New York Public Schools, privatized by default?

December 30, 2005 by

In an interesting turn, the public schools of New York have become the beneficiaries of fashionable philanthropy dollars. Reports the NYTimes “New money or old, donors have been enthusiastic enough to write seven- and eight-figure checks. As a result, the school system has been the largest beneficiary in a mayoralty that has reached to the private sector, strategically and aggressively, for all sorts of support….While Mr. Bloomberg’s personal philanthropy has turned sharply toward grass-roots organizations in recent years, with the obvious political benefits, the donations by his friends and acquaintances in the clubby world of wealthy philanthropists have turned just as markedly toward the mayor’s No. 1 priority: public education.”

This might be looked at as a form of de facto privatization, a huge waste of otherwise valuable philanthropic efforts, or a devastating indictment of the public system that can neither fund or manage itself. Interesting that none of these points seem to be noticed by those commenting on the trend.


Wesley Baker December 30, 2005 at 9:58 am

Anyone who has attended NYC philanthropic galas can attest that the reason for and destination of donations comes last in social priority. The important thing is to be seen and to be seen with… insert the most ambitious social butterfly. After the Cinderella hour has past, one or one’s company commercialises the donation through prominent billboards and newspapers, etc., etc.

Why are so many charities headquartered in NYC? It’s not because of the cheap rents or convenient transportation. There’s stupid money to be made on the northeast charity circuit.

It looks like government, generally the idea runt, has finally found the hind teat of a huge cash cow.

William December 30, 2005 at 10:25 am

The sad part is that the bureaucracy will adjust to this money and when the donors give their money to the next charity of choice the NYC School District will be asking for a tax raise.

It is easier to get more money in taxes than reduce expenditures or ask for donations.

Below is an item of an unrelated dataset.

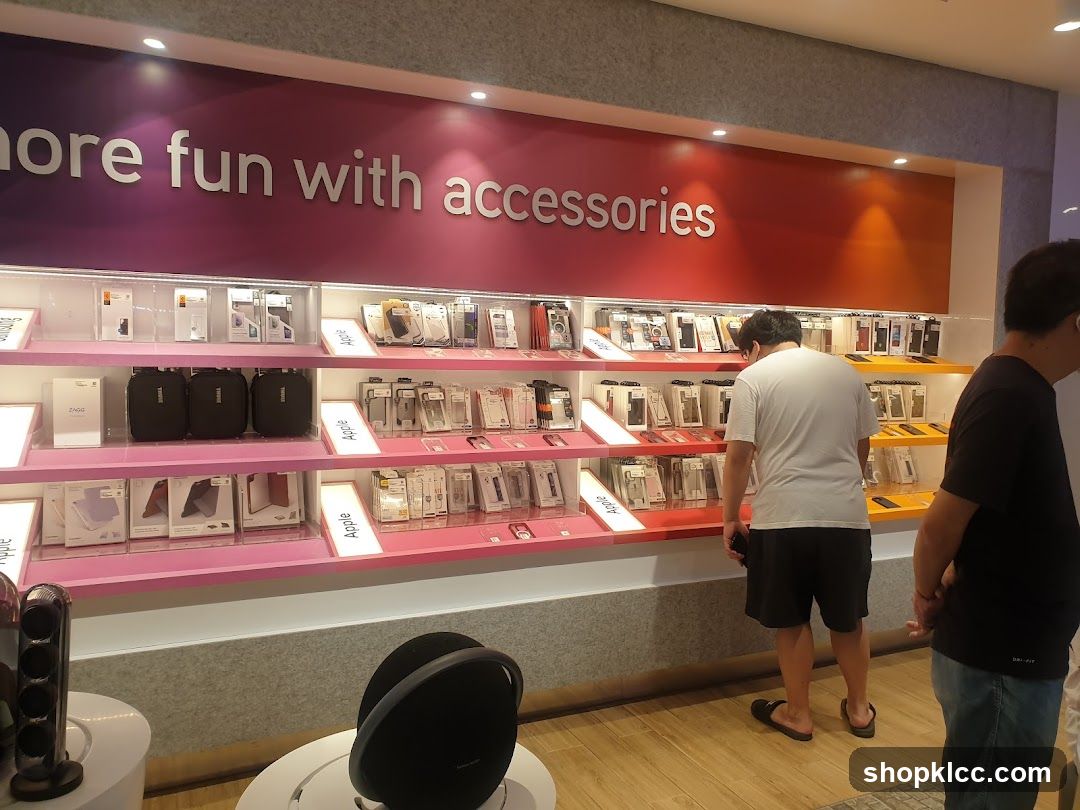 Store display of phone accessories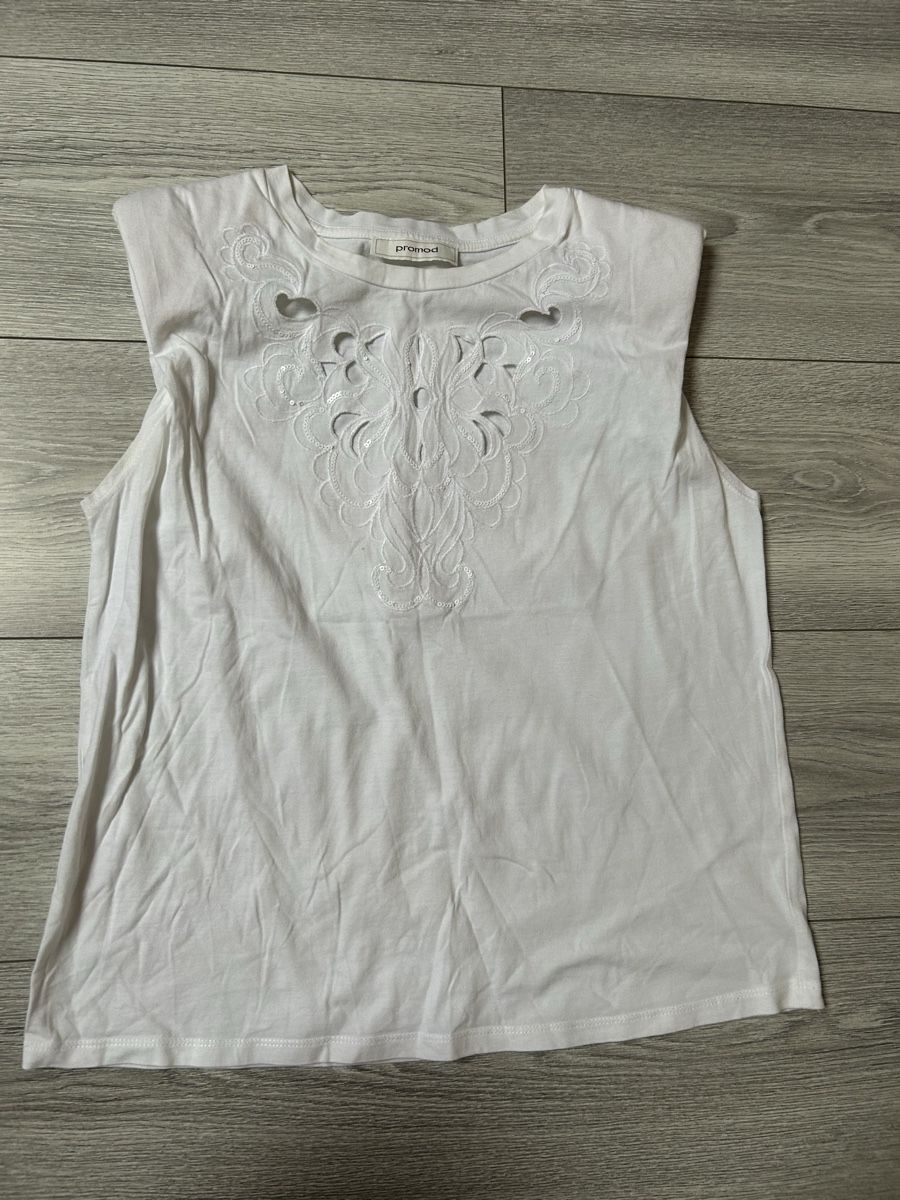 Promod T-shirt: T-shirt Promod blanc – Usato da Genève venduto da and_k79x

Jim Waddell December 30, 2005 at 11:07 am

Of course I would like to see the complete abolishment of pubic education – but that will not happen anytime soon. In the meantime, I think something like this could be a pratical first step towards privatization as Mr. Tucker suggests. Also key would be trying to get a requirement for some type of tuition fee for each student. Anything would do, even if it were well below full-cost recovery. Then private donations could step in and help the truly needy pay their tuition. This would at least help tilt the playing field a bit (back towards neutral, but not all the way), and give more people incentive to consider options other than the public schools.

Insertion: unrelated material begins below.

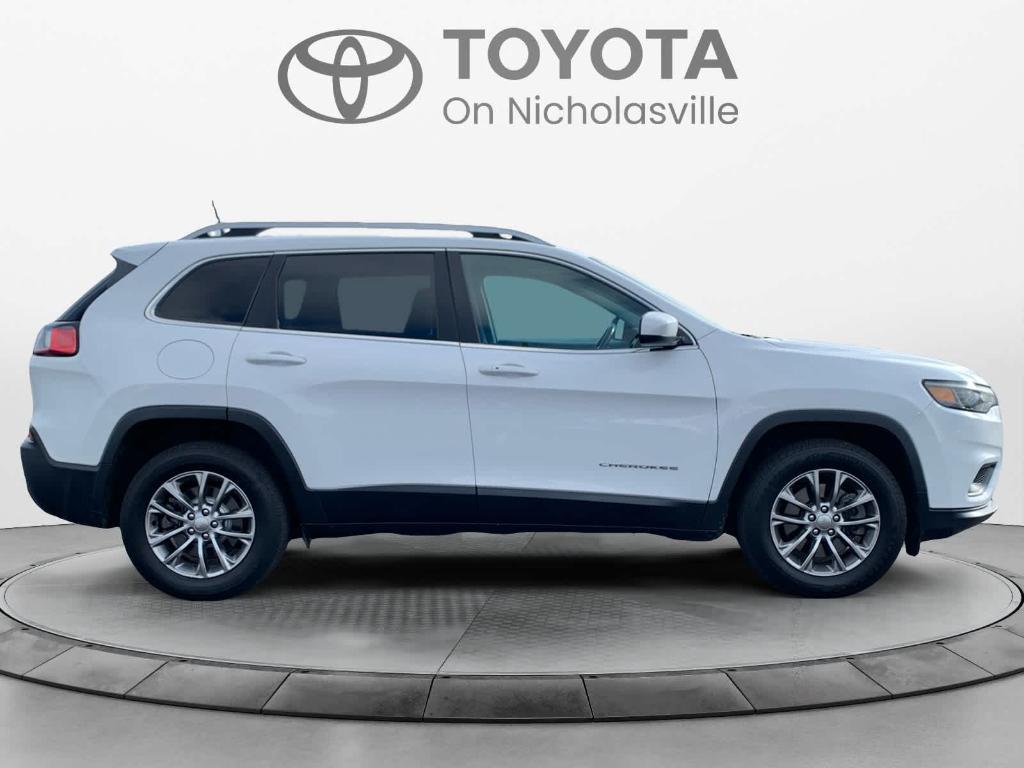 used 2019 Jeep Cherokee car, priced at $9,902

Increasing the role of private funding also helps with the rhetorical/moral arguments. I can avoid being portrayed as a heartless curmudgeon who wants to deny children music, art, pencils, etc. On the contrary, I want our public school kids to have every single thing their parents desire….BUT, I want them to find *voluntary* sources of funding, rather than using coercion. So, we shift the debate from what programs to cut to where the funding comes from, and how might that funding be increased.

R.P. McCosker December 30, 2005 at 3:40 pm

To pick up on Wesley Baker’s and William’s comments, this is just another fad among Manhattan socialites. (Spurred by one of their numbers, Bloomberg, having become NYC’s top politician and putting his own money and reputation into the socialist school system.)

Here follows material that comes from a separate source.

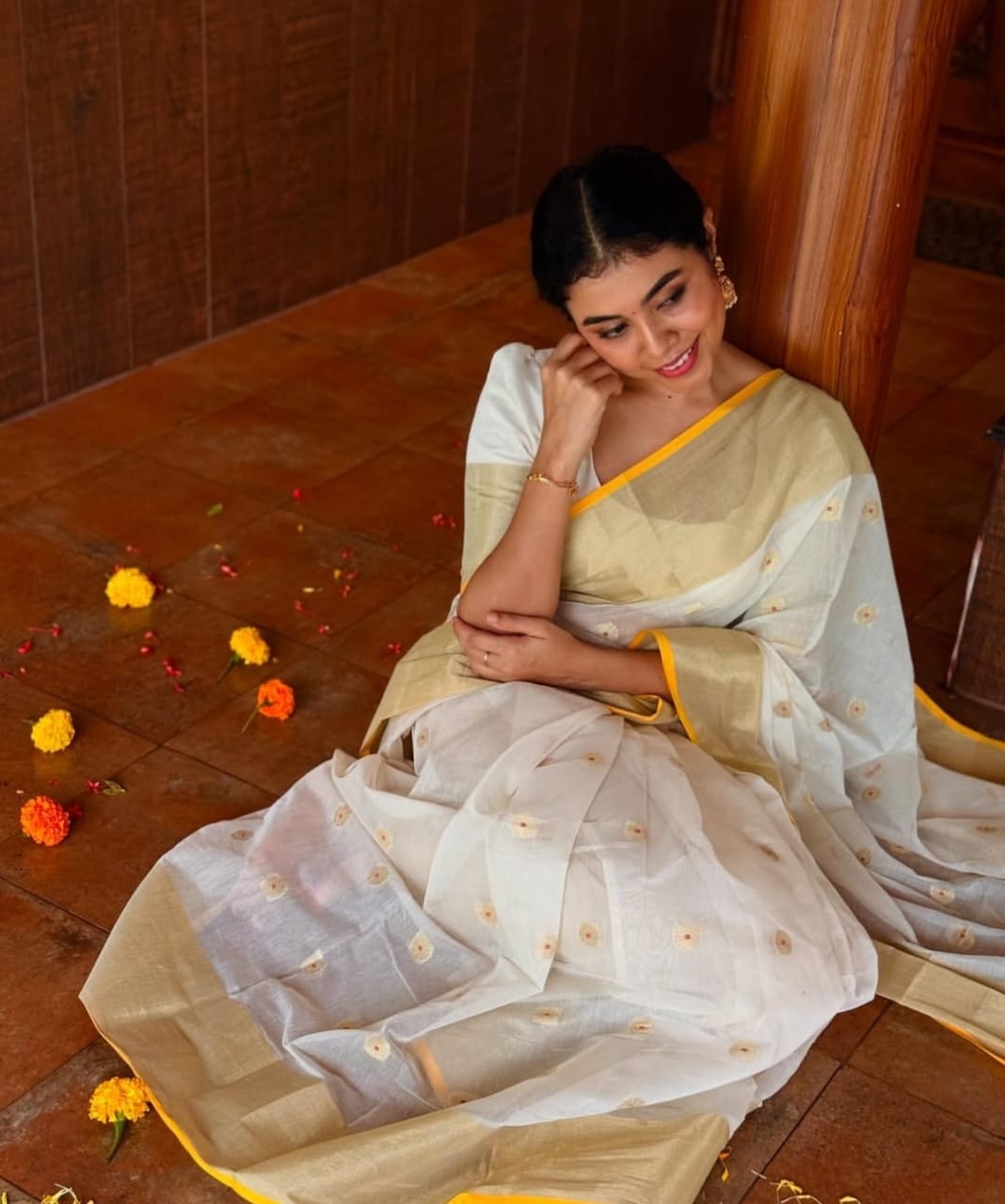 Off White Cream Cotton Silk Gold Border butti saree SHC3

Not that these socialites give much thought to anything other than the making and spending of money and the prestige that comes with that, but the whole false presumption is that what makes schools work is lots of money. (Especially false in this case, as the money goes straight to government. Worse yet, urban government.)

Of course, as most reading here probably already know, lots of money does no such thing.

What would actually improve societal learning isn’t more spending on “educational institutions” but leaving learning to private property and free markets. Terms like “educational system”, “educational reform”, and “educational crisis” assume learning is somehow the government’s rightful domain. (Unsurprisingly, this “system” is always in “crisis”, much like the “agricultural system” in the old Soviet Union.)

Learning doesn’t need philanthropic assistance anymore than milk production or shoemaking or computer printers. It just needs freedom, without any government to muck things up.

Much as I appreciate Jim Waddell’s libertarian inclinations, I think he’s got the wrong idea here. The “system” can’t be reformed, or brought gradually to freedom. The whole political/bureaucratic system of government-owned schooling is arranged to coopt and subsume reforms aimed at privatization. While I agree that the cessation of “public education” won’t be happening soon, libertarian energy is better invested in sowing richly deserved doubts about the nature and functioning of government rather than false hopes for its improvement.

Curt Howland December 30, 2005 at 5:15 pm

I was reading _Heros Of History_ by Will Durant. Durant is a socialist in spades, which becomes clear when he’s describing recent events.

However, he does a good job of relating facts when talking about ancient history. His description of the philanthropy of the Greek city states *prior* to the outbreak of pure democracy is very insightful. “Public” works were done, exactly like Wesley Baker describes above, for exceedingly selfish reasons. The elite of the cities one-upped each other with their bridges, roads, “public” buildings, etc.

It was only after “democracy” took hold that a dictator had to be installed in order to clean up the horrendous mess. As McCosker states, reform is a waste of time. Abolition is the only “reform” that works.

Jim Waddell January 2, 2006 at 10:44 pm

I think I may have been misunderstood, mainly because I didn’t take the time and space to explain myself all that clearly.

I agree fully that “sowing richly deserved doubts” is necessary and important. But these seeds take a long time to grow. They will likely never bear fruit in my lifetime.

Too often, I find, libertarians focus only on strategic (i.e. long-term) solutions, and neglect tactical (short-term) ideas. I believe one must focus energy on both. We can all write essays for LRC and Mises until our fingers fall off. And we should. But most people have never heard of either site, and these essays will do little in the short term.

In the meantime, we should also think of ways to impede the immediate progress of the state, and turn it back if we can.

My ideas of 1) using private donations to fund public schools, and 2) charging tuition for public school attendance, are not meant to reform the schools themselves. The purpose is twofold: 1)get someone else to pay for public schools now, so I don’t have to, and 2)change the decision parents face. If parents had to pay at least some tuition, at the margin, more would leave the public schools. They would then be more likely to resist tax increases, and more likely to support tuition increases instead. Which would lead to more people leaving the public shools. Start a stampede – that’s the idea. Mr. Howland states that “aboltion is the only reform that works”, but abolition will not happen by itself. Nor will it happen solely by writing essays which the average person will never read. Abolition needs to be helped along.

These two ideas may not be the best short-term ideas. They may even be horrible – I’ll gladly accept criticism of them. But what I’d rather hear are BETTER IDEAS, if anyone has any.

At this point, in my city, we have very limited options for fighting school tax increases. We can vote for board members who we think, just maybe, might spend a little less than the other one. We can vote against levys, knowing that most will vote for them. And we can attend annual meetings to complain, knowing that they are largely venting sessions, and we will be largely ignored.

I am looking for better options. Got any ideas?

Yancey Ward January 4, 2006 at 2:28 pm

If the donors gave the money to private institutions, then it might do some good, but giving it to the public schools is worse than making a bonfire out of it.